Something like github, but more collaborative and user-friendly.
I’m not sure how you’re going to get more collaborative and user-friendly than Github. By an extremely wide margin it’s the leader in this space.
But there is also Gitlab and Bitbucket. Both have much more confusing UI’s and much smaller communities. Generally if I find an open source project that doesn’t use Github, I pretty much just close it and find something else.
I want to post my CSS widget someplace, and easily attract other coders who want to improve it. Something with stronger social features. Like, “Join the dev team for this project” and “Post and discuss a new improvement”. Chat, messaging, profiles for devs to post their credentials, a search engine whereby coders seeking projects to work on can search for and join projects who are actively seeking collaborators, a built-in marketplace to share finished projects to the world. social features. Like, “Join the dev team for this project” and “Post and discuss a new improvement”.
Glitch sounded promising: "If your motivation for using an online IDE is to facilitate the creation and sharing of code with others, as part of a learning and community building process, then Glitch is the way to go. Glitch is a community-oriented programming and hosting platform where everybody can create, share and reuse projects from others. "
but their site looks designed for kids, and their IDE demo displays an error message.
Maybe github is the place! It’s likely that i simply don’t understand how to use it. i don’t know why github has always seemed a bit unapproachable to me. Understanding the github workflow and process has always been a struggle, but that’s just me.

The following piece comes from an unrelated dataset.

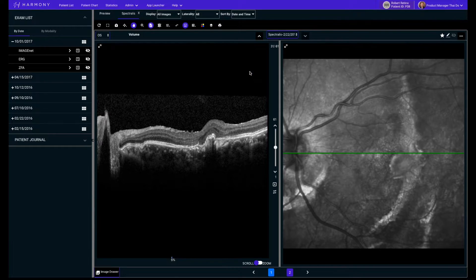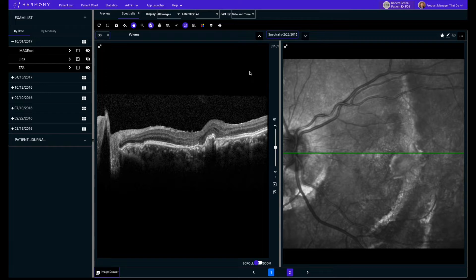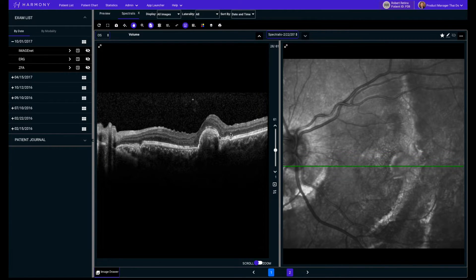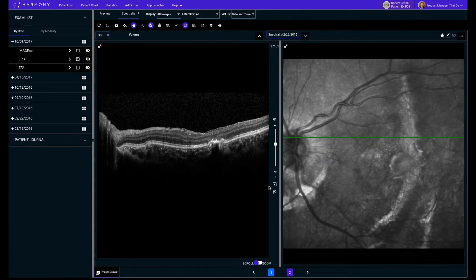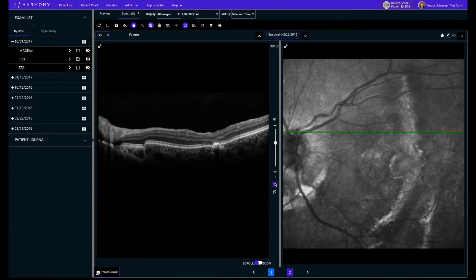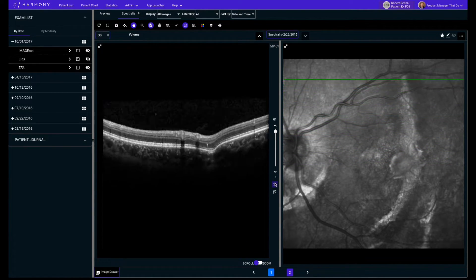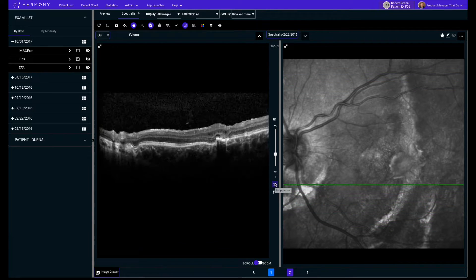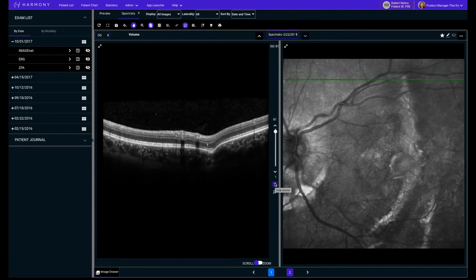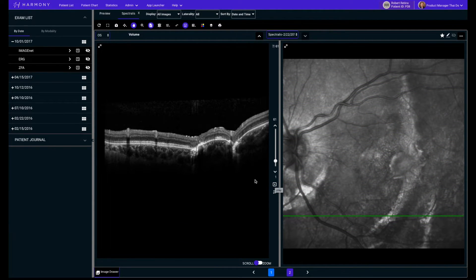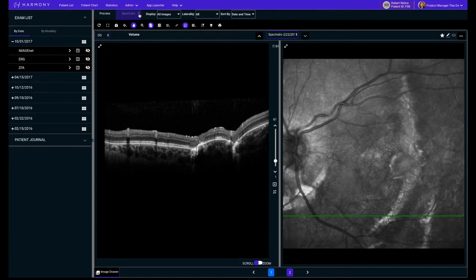Double-clicking a dot will open the first image of an exam in the large viewing area for you to review. Harmony lets you scroll through your B-scan volumes from OCTs. You can also play through them in a loop.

Github doesn’t seem designed to encourage people searching and joining projects of interest. Collaboration between strangers. As in, “I built an open-source CSS widget, and looking for collaborators to join the team.”
The GitHub search screen seems to be a symptom of the problem. Search results only show 10 projects at a time (of tens- or hundreds-of-thousands of projects). So it’s really hard to see lots of results at a glance. Imo, that discourages collaboration.

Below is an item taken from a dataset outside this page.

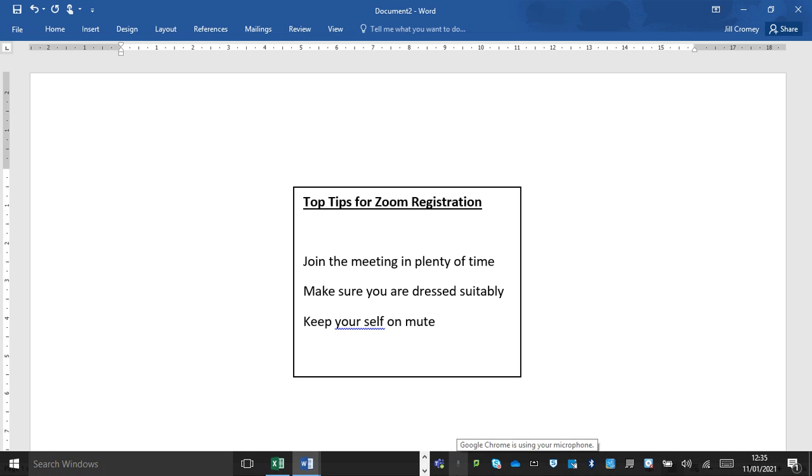Hi everyone, we're looking forward to seeing you in the coming weeks on our live Zoom registrations. We just wanted to share a few points to make sure they run nice and smoothly.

I don’t see any flag like “projects seeking collaborators” or “collaborators seeking projects to work on”. That’s the sort of thing i’m looking for. A system with rich tools to promote projects.
Github doesn’t seem designed to encourage people searching and joining projects of interest.
I agree. Their on site discovery is not the best, but I’m also not sure what they could do better. Most of the projects I find and star come from Reddit, Hacker News, random blogs, or just looking for a library on Google.
Github doesn’t seem designed to encourage people searching and joining projects of interest.
It absolutely is. You can make issues or fork anything public. Most popular projects have documents on how to contribute.
As in, “I built an open-source CSS widget, and looking for collaborators to join the team.”
It doesn’t have this. There are millions and millions of projects. Github is just a tool. Random people aren’t going to contribute to your project unless they already find it useful. You need to market it’s usefulness on different ways. I think discovery could be better on GitHub, but it wouldn’t really solve your problem. Your projects will just get lost in millions of others.
It actually does provide some means to encourage contributions via labels – see the docs here and here. There are also a couple of curated lists for people searching opportunities to contribute, for example this one (being itself community-driven). But yeah this may not be github’s primary concern.